| Supplied records |
☆ ☆ ☆
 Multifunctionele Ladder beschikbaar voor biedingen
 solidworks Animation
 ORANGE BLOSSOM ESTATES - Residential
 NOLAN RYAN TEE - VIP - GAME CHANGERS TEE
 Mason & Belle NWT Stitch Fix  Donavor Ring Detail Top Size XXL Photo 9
☆ ☆ ☆
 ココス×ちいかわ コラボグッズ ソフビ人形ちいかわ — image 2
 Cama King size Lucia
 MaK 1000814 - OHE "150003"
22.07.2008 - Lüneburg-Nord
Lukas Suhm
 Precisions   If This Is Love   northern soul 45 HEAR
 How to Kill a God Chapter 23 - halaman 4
☆ ☆ ☆
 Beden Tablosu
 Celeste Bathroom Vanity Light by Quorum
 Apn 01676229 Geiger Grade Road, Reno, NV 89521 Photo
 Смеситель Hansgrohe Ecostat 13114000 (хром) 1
☆ ☆ ☆
| Exercise details |
Within the listing above, locate the line containing "Multifunctionele Ladder beschikbaar" and the line containing "Mason & Belle". Reproduce those two lines and all lines between them exactly, with nothing added.

| Exercise result |
 Multifunctionele Ladder beschikbaar voor biedingen
 solidworks Animation
 ORANGE BLOSSOM ESTATES - Residential
 NOLAN RYAN TEE - VIP - GAME CHANGERS TEE
 Mason & Belle NWT Stitch Fix  Donavor Ring Detail Top Size XXL Photo 9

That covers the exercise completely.